Había muchos alumnos de Hogwarts, pero por suerte, nadie reparó en ellos, aunque gracias a sus cabellos rojos no pasaban para nada desapercibidos. George sacó de su túnica un par de gorros. SU gemelo lo miró sorprendido. No se le había ocurrido esconderse con algo tan simple con un gorro, así que lo recibió y se lo colocó, tapando toda su cabellera. Fred y George recorrieron hasta el más recóndito rincón de la tienda devorándolo todo con los ojos. Finalmente fueron al mostrador.
- Buenos días- dijo cordialmente el mago que atendía- en qué puedo ayudarlos.

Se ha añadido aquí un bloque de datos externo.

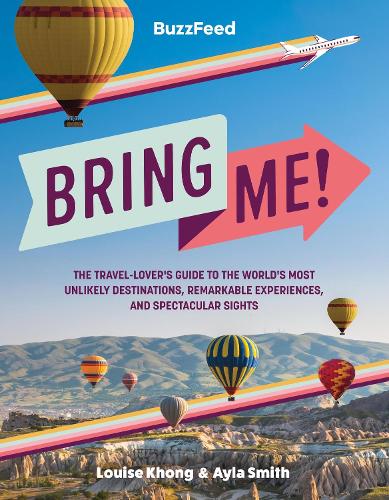 Бумажная книга «BuzzFeed: Bring Me!: The Travel-Lover’s Guide to the World’s Most Unlikely Destinations, Remarkable Experiences, and Spectacular Sights», авторов Айла Смит, Луиза Кхонг - фото №1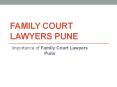 Importance of Family Court Lawyers Pune PowerPoint PPT Presentation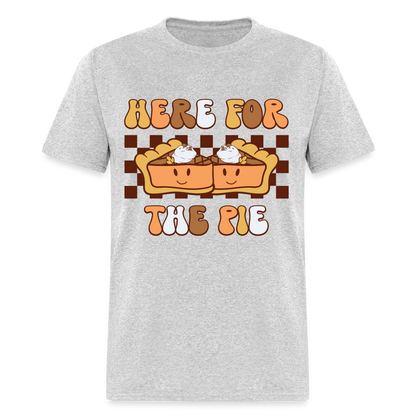 Here For The Pie - Holiday T-Shirt - heather gray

- Queremos comprar tres bombas de olor y… cuatro bengalas del doctor Filibuster- dijo Fred sin poder aguantar la tentación.
- Aquí tienen, son seis galleons- dijo el mago pasándoles los artículos. Fred y George se miraron, le dieron la espalda y comenzaron a contar el dinero. Afortunadamente les alcanzaba y hasta les sobraban un par de knuts.
- Aquí tiene- dijo Fred pasándole las monedas. El vendedor los miró y puso atención por primera vez en ellos. Los miró de arriba abajo y puso cara de extrañeza.
- ¿Ustedes son de tercero?- preguntó suspicaz.
- Oh, como cree, claro que sí- respondió George.
- Si no, no estaríamos aquí- continuó Fred.
- Bueno, es que son algo pequeños ¿no? Se ven mucho más jóvenes- exclamó el vendedor.
- Sí, siempre nos molestan por eso- dijo Fred tomando las cosas compradas- bueno, adiós.
- Y gracias- agregó George. Y salieron rápidamente de la tienda sin mirar atrás.
- Uy, por poco- dijo Fred aliviado.
Sin embargo, al llegar a la calle se encontraron con un peligro que no habían considerado. Era el día de salida de todos los alumnos de tercero para arriba, y Percy estaba junto a Charlie, que parecía que los había divisado. Los gemelos palidecieron. Una cosa era quebrantar las reglas del colegio pero otra muy diferente era ya directamente salir del colegio. Y si Percy los veía…sería una pesadilla.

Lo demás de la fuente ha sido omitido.